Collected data
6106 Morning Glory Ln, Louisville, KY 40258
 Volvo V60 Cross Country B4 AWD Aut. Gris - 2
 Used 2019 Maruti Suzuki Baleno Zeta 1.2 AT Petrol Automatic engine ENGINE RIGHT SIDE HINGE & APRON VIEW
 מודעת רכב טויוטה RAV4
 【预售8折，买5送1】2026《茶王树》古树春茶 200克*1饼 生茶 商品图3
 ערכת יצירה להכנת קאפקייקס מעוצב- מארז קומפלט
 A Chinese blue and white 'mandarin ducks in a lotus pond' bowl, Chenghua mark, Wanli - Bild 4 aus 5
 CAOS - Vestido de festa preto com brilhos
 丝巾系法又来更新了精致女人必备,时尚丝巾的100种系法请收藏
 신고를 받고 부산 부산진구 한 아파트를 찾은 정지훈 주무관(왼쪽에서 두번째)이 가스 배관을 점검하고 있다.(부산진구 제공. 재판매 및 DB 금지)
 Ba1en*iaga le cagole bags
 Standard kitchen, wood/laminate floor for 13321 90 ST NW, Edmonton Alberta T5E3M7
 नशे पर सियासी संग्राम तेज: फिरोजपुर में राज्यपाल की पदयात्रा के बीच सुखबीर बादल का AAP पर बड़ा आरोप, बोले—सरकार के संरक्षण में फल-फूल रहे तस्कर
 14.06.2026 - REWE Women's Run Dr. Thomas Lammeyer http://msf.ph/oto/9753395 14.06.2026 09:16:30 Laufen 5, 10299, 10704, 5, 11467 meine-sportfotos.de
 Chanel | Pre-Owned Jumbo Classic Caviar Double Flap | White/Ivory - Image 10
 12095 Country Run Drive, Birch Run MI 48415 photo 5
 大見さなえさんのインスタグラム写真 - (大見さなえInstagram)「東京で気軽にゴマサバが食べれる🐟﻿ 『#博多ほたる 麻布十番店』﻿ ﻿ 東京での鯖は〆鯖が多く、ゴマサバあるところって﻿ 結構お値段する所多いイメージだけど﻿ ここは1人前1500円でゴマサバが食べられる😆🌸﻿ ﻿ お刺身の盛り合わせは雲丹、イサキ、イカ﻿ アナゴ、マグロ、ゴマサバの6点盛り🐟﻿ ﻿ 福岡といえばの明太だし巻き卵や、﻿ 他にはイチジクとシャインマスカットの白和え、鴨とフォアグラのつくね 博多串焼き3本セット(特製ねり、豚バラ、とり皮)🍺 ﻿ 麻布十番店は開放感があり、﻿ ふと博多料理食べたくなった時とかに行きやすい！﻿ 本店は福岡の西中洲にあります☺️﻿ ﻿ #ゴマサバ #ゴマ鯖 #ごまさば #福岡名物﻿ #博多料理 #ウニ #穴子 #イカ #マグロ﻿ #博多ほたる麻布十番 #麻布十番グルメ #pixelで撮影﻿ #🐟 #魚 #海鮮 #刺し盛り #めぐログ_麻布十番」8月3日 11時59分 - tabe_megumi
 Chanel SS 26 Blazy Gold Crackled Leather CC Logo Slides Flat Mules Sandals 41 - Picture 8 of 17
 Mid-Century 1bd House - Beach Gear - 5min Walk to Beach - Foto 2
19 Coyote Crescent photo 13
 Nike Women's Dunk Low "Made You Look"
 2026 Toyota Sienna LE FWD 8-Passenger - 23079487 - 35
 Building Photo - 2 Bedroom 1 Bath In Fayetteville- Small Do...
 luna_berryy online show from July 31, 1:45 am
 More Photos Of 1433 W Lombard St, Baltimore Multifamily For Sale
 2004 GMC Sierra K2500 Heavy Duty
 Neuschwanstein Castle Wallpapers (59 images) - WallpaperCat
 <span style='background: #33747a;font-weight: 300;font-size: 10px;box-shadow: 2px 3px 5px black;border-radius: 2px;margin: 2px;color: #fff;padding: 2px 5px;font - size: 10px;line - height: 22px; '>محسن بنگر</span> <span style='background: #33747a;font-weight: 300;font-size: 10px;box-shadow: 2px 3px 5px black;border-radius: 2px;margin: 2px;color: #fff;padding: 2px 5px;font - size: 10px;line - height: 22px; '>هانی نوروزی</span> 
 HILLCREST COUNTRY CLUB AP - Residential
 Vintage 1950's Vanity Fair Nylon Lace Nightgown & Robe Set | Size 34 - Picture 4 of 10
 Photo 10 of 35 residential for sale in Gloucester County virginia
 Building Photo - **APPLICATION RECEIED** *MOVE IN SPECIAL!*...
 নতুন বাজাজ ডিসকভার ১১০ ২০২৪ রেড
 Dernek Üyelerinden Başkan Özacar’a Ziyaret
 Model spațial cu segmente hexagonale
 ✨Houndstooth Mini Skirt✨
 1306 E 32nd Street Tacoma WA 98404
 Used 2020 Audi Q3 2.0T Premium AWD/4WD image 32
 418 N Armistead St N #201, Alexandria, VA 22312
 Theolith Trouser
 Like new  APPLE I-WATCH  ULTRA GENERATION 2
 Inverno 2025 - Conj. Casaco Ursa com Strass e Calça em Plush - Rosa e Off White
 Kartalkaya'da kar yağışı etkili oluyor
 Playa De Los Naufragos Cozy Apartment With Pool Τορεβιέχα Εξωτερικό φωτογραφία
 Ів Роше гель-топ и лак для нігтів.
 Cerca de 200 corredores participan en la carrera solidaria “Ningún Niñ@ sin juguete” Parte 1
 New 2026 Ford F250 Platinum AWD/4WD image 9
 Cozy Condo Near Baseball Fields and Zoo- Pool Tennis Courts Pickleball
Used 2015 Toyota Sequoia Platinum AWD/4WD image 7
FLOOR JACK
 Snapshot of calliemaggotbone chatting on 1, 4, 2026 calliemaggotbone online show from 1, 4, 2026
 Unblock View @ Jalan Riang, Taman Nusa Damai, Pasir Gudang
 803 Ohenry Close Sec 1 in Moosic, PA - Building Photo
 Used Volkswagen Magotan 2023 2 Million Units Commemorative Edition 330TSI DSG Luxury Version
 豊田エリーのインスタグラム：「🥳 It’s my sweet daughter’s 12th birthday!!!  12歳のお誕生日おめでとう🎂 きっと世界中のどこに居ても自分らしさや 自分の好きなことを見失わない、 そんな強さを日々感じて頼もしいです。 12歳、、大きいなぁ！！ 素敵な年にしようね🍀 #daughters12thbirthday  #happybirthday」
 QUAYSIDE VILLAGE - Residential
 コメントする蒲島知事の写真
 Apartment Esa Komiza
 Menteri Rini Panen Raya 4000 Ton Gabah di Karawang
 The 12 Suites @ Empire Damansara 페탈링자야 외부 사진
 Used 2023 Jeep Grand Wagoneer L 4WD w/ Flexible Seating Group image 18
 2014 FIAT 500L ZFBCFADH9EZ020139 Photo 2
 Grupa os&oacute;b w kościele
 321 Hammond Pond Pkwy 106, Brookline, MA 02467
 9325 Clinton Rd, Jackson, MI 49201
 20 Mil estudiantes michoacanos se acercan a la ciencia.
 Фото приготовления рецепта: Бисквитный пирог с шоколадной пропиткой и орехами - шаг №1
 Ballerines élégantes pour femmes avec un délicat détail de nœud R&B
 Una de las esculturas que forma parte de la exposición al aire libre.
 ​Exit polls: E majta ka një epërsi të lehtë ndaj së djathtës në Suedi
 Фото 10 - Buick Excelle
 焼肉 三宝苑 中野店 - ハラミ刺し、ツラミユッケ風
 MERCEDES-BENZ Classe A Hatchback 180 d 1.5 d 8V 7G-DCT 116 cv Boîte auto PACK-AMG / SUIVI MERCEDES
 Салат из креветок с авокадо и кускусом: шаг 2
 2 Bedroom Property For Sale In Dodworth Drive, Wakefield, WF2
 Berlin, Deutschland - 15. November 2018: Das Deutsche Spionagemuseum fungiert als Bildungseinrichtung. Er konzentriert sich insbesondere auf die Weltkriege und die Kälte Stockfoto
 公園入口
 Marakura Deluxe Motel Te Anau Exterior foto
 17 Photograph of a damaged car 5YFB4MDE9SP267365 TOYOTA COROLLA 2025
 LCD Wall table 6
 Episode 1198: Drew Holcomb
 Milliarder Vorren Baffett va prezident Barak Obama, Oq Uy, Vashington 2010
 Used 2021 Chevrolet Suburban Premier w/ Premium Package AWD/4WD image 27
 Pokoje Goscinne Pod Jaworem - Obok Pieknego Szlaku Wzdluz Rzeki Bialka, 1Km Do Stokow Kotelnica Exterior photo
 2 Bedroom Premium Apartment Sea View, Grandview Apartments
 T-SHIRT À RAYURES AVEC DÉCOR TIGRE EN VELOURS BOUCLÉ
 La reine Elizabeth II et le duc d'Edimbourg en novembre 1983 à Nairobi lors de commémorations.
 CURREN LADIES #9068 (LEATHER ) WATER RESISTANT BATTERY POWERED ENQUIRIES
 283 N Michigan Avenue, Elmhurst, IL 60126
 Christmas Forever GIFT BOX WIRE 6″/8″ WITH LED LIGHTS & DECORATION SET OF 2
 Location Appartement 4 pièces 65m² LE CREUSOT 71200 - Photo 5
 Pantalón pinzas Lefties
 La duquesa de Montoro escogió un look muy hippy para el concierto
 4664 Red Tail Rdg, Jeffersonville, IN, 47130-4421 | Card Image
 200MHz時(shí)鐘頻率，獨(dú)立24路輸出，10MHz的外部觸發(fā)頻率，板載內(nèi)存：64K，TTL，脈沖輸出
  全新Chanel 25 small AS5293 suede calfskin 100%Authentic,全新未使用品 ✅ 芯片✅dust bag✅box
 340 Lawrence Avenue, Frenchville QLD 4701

- _About this exercise_: Where does "from" appear in the records above? Copy every line that has it.

- _Result_:
 luna_berryy online show from July 31, 1:45 am
 Snapshot of calliemaggotbone chatting on 1, 4, 2026 calliemaggotbone online show from 1, 4, 2026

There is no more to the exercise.